Captain William Leslie Lyster
William Leslie Lyster was born in Empress Alberta on 20 February 1920 to Joseph Lyster. “Bill”, as he preferred to be known, joined the South Alberta Regiment in 1938 at age eighteen and in September 1939 went to Medicine Hat to join the Calgary Highlanders.
He became a qualified signaller in the Signals Platoon, and transferred to the 3″ Mortar Platoon in October 1940, being also appointed Lance Corporal. Promotion to Corporal followed in May 1941, and in January 1942 he was made Platoon Sergeant of Number Three Platoon (Mortars).
During the Dieppe Raid, he and Sergeant Bert Pittaway sailed on LCT 6. Lucky enough not to be ordered to disembark on the beach, they manned an anti-aircraft gun and were credited with shooting down a German warplane. They became the first Calgary Highlanders to be rewarded for bravery in the Second World War, being Mentioned in Despatches.
Lyster was promoted to Company Sergeant Major of “C” Company in December 1942. He want on to instruct at an NCO school, and was recommend by Lieutenant Colonel MacLaughlan to attend #161 Officer Cadet Training Unit at the Royal Military Academy, Sandhurst, in April 1944.
Lyster not only attended the course, but passed out at the top of his class, becoming the first Canadian ever to win the Belt and Sword of Honour, the traditional reward for the first place student. Under wartime circumstances, a Sword could not actually be bestowed, so Lyster accepted a Sam Browne belt and a medallion. The promised sword never materialized after the war; Eswyn Lyster commissioned Wilkinson to produce one; it is currently on display at the Museum of the Regiments in Calgary. Commissioned as a lieutenant, Lyster returned to the Highlanders on 17 October 1944, as the fighting near South Beveland was reaching its height.
He found himself Left Out of Battle, as new man in the company, during the fighting west of Hoogerheide. At the end of October, he found himself tasked with helping the padre retrieve the dead.
“That was an experience for me. It was a little hard picking up fellows that you knew personally. (One man) was on his knees and he had his hands in his stomach. He had stuffed his field dressing into his stomach. And he looked as if he had been praying. He was stiff as a board; rigor mortis had set in.”

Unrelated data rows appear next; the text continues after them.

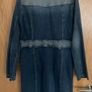 Jeans denim distressed jacket midi long trench coat dress over knee long sleeve stretch material size L/XL Image 3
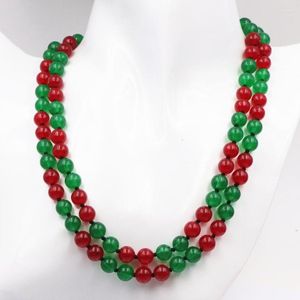 Gargantilla llamativa collar de cadena de cuentas largas para mujer Jades de piedra natural 8mm jaspes redondos collares de hebra de calcedonia joyería 36 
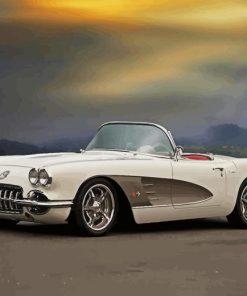 White 1960 Corvette Diamond Painting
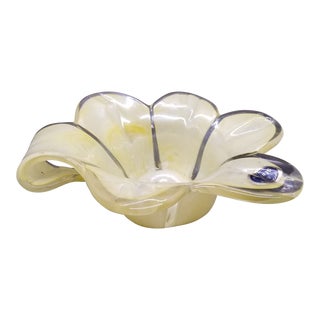 Lavorazione Arte Murano Pale Yellow Italian Glass Petal Dish For Sale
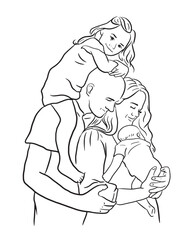 Hand drawn parents and childs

After the Scheldt battle, the Highlanders went into static positions in the Nijmegen Salient. Even here, though, no one was safe from harm. One of Lyster’s tasks on Christmas day was writing to the parents of Austin N. Yeoman, a private belonging to his company. Lyster was now acting company commander, and Yeoman had been killed the day before. “I remember sitting down and writing a letter to Mr. Yeoman…I told him what a brave son he had and all this sort of stuff and I didn’t even know the lad. That was our job.”
When the Highlanders left the salient in February to participate in the drive to the Rhine, Lyster was in command of “C” Company. While planning an artillery shoot on February 27th, along with the CO and a Forward Observation Officer from the 5th Field Regiment, a shell landed next to the farmhouse they were standing in. Nixon and Lyster were both hit and evacuted. Lyster had received some shrapnel in his nose; the FOO had been hit in the temple and died shortly after reaching the Regimental Aid Post.
Lyster returned to “C” Company very shortly afterwards, and was wounded once again on the 22nd of April, one day from being confirmed in the rank of Major. He had been conducting a recce near Oldenburg when he was shot in the chest and arm.
When the Regiment returned to Calgary in November 1945, Lyster was still in hospital, and in fact remained hospitalized in both Calgary and Edmonton until November 1946.
After the war, he was given a courtesy title of Major by the Regiment; he worked as a sales manager for Canadian Bakeries Ltd. and later became the Chief Park Warden in Banff. In 1968 he moved to Vancouver Island with his wife.
Lyster passed away in December 1996.